- **ACTION ITEM**
Down to the last line, print the data that follows exactly, without its pictures.

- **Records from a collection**
□ □ □
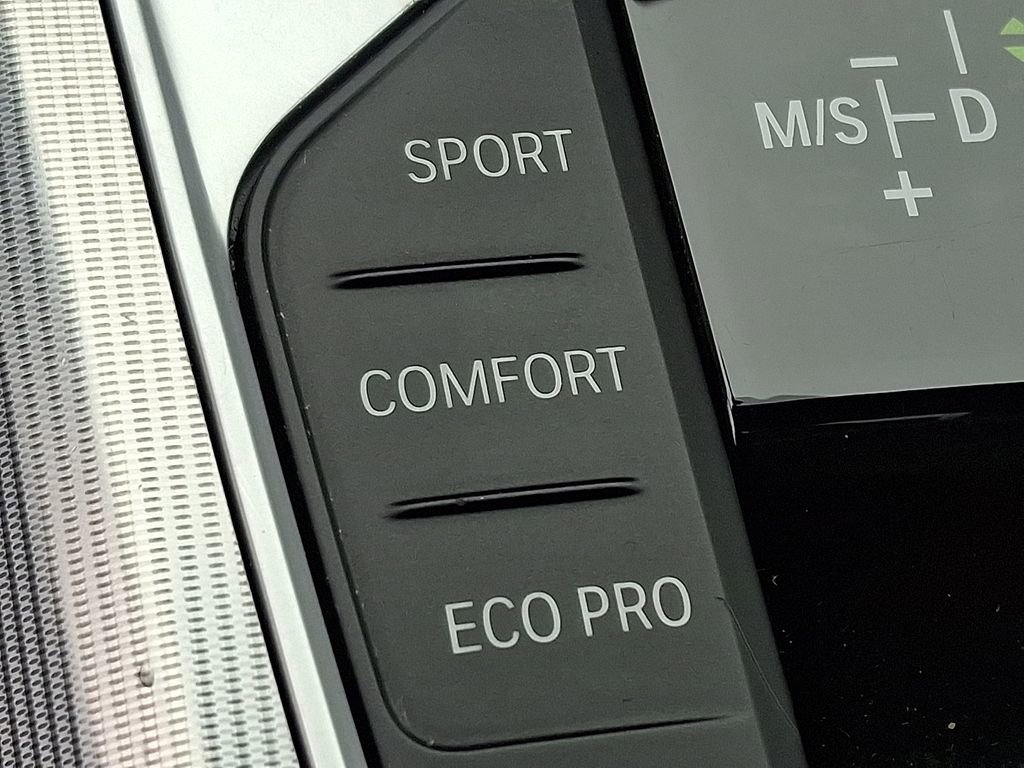 Certified 2022 BMW 330i xDrive Sedan w/ Premium Package 2 image 26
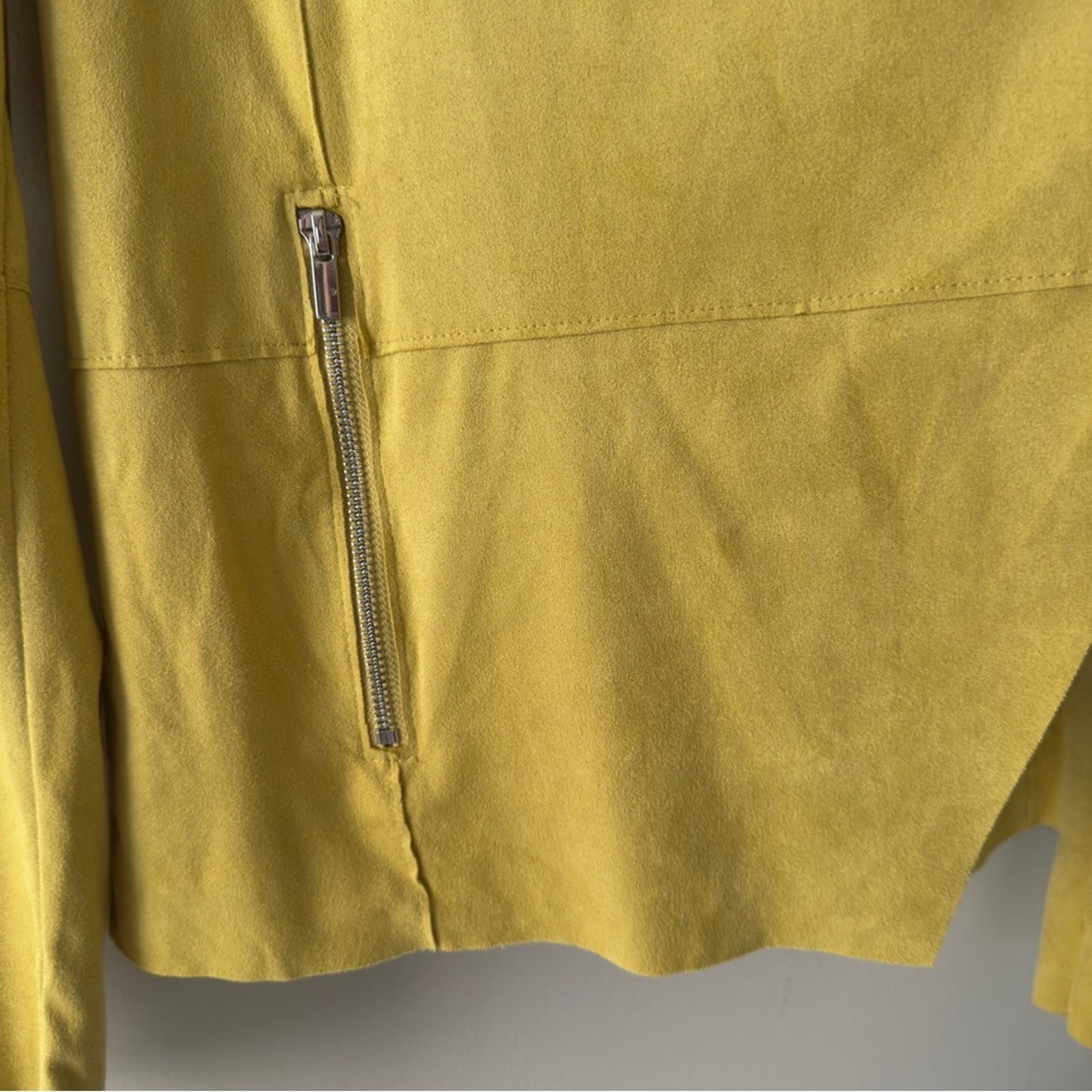 Bagatelle Faux Suede Yellow Open Front Jacket Long Sleeve Front Zipper Pockets M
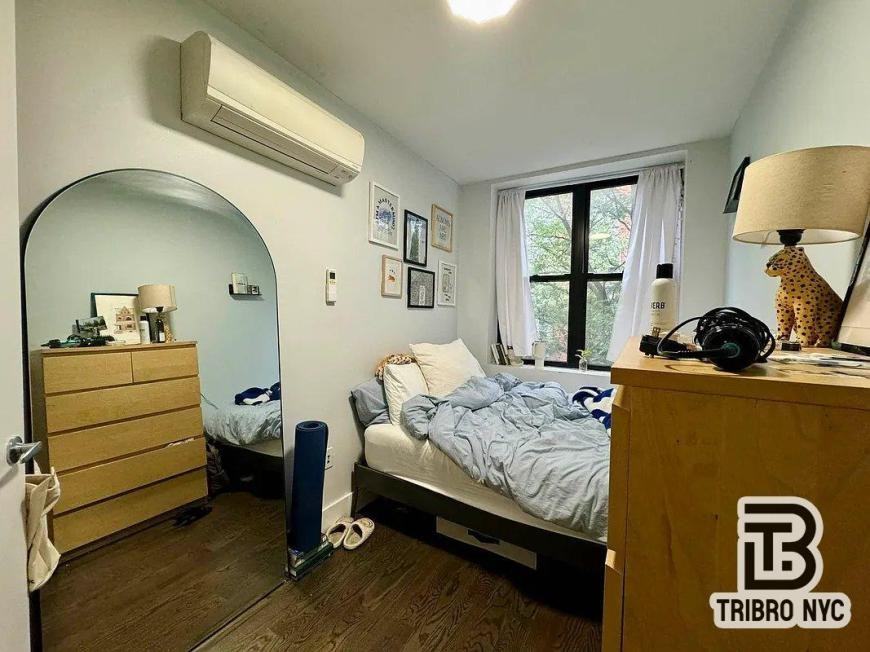 64 Stagg St - Photo 4 of 5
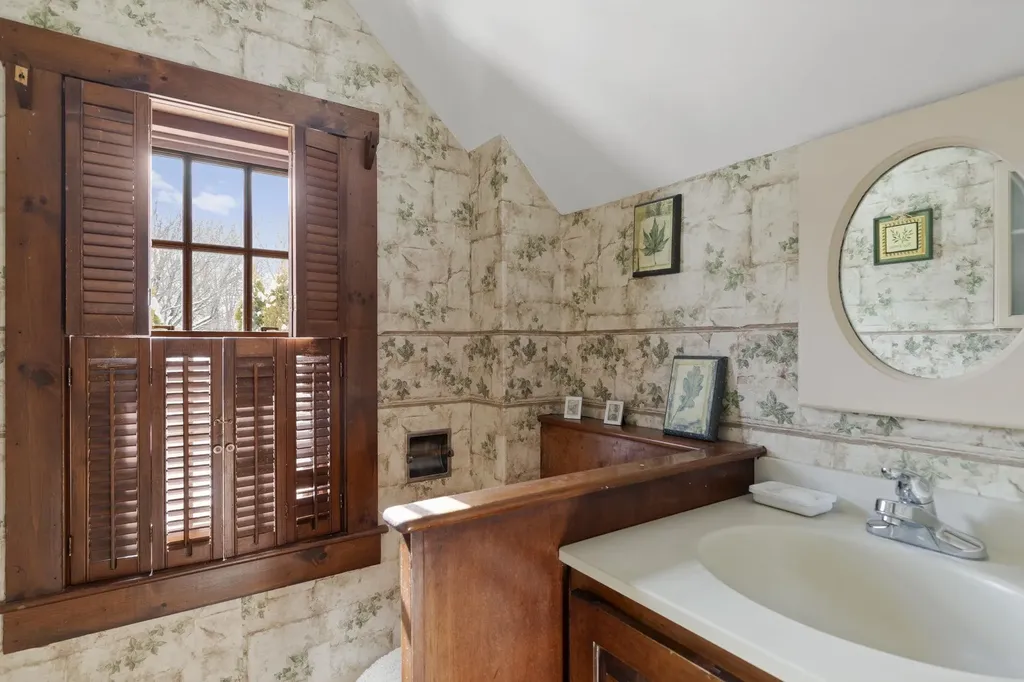 112 New Castle Avenue Portsmouth NH 03801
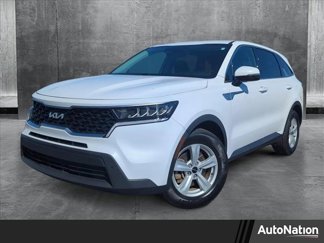 Used 2022 Kia Sorento LX image 1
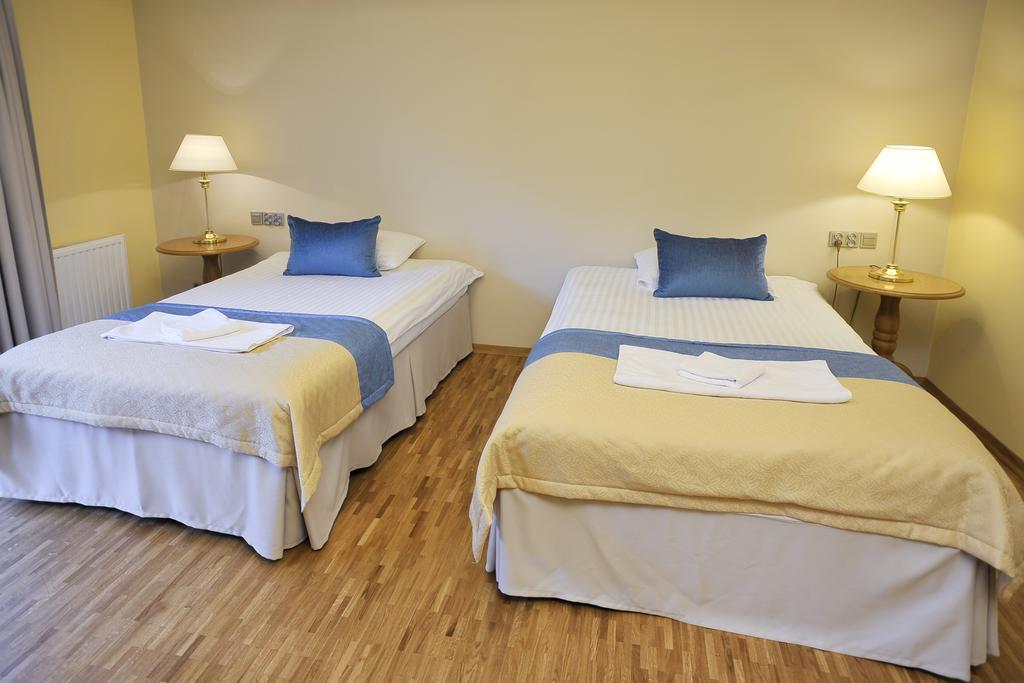 Hotel Mir-Jan Spa Ladek-Zdroj Quarto foto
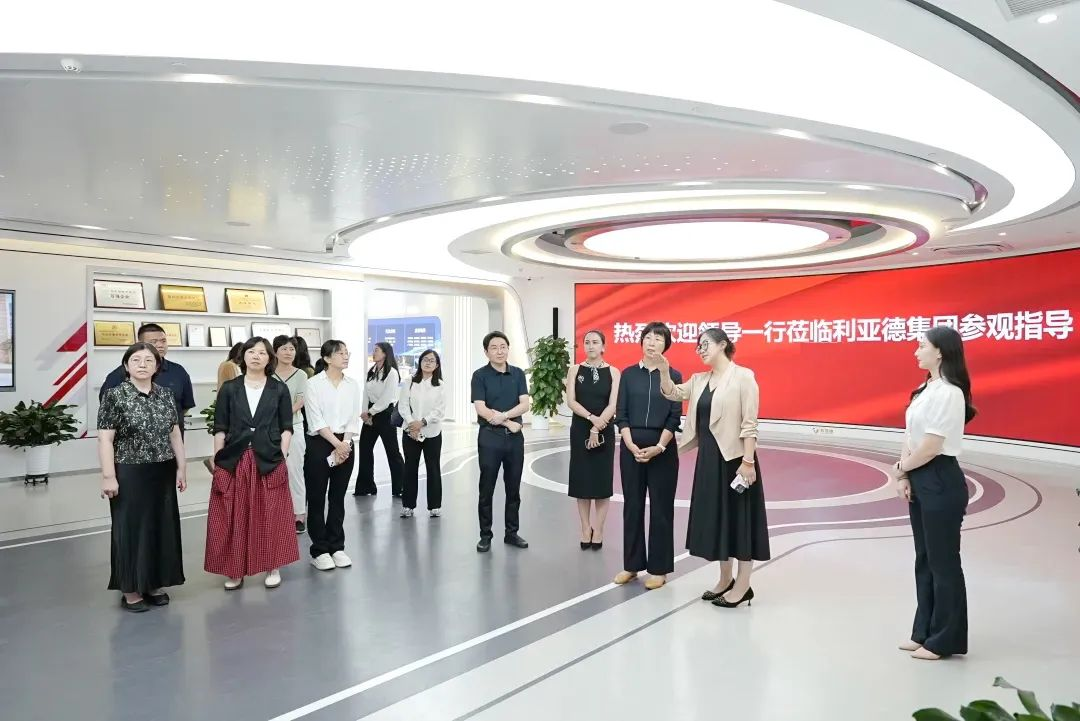 北京市统计局局长李素芳一行莅临太阳成集团tyc122cc调研指导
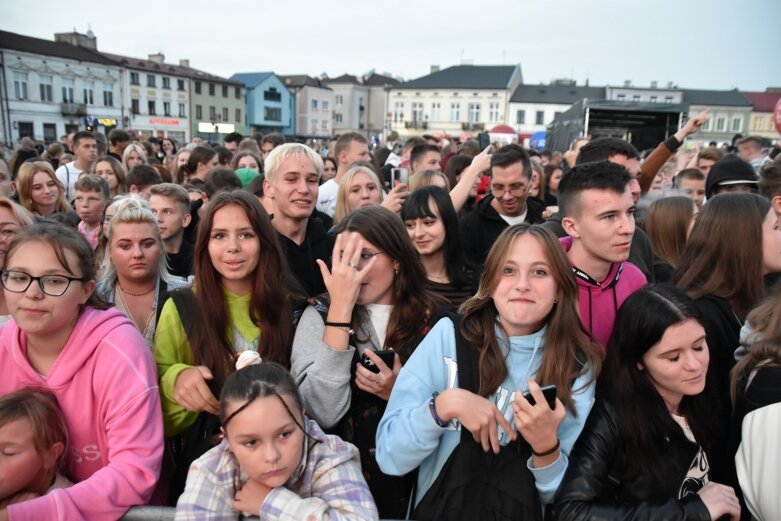  Kubańczyk i Smolasty zainaugurowali muzyczną scenę w rynku  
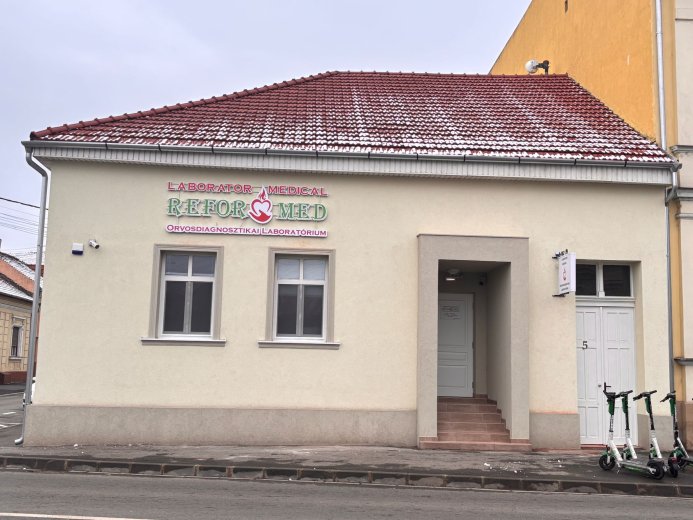 Szakorvosi rendelés is lesz a Nagyváradon magyar állami támogatással tető alá hozott „református laborban”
□ □ □
- **SOLUTION TO THE PROBLEM**
 Certified 2022 BMW 330i xDrive Sedan w/ Premium Package 2 image 26
 Bagatelle Faux Suede Yellow Open Front Jacket Long Sleeve Front Zipper Pockets M
 64 Stagg St - Photo 4 of 5
 112 New Castle Avenue Portsmouth NH 03801
 Used 2022 Kia Sorento LX image 1
 Hotel Mir-Jan Spa Ladek-Zdroj Quarto foto
 北京市统计局局长李素芳一行莅临太阳成集团tyc122cc调研指导
  Kubańczyk i Smolasty zainaugurowali muzyczną scenę w rynku  
 Szakorvosi rendelés is lesz a Nagyváradon magyar állami támogatással tető alá hozott „református laborban”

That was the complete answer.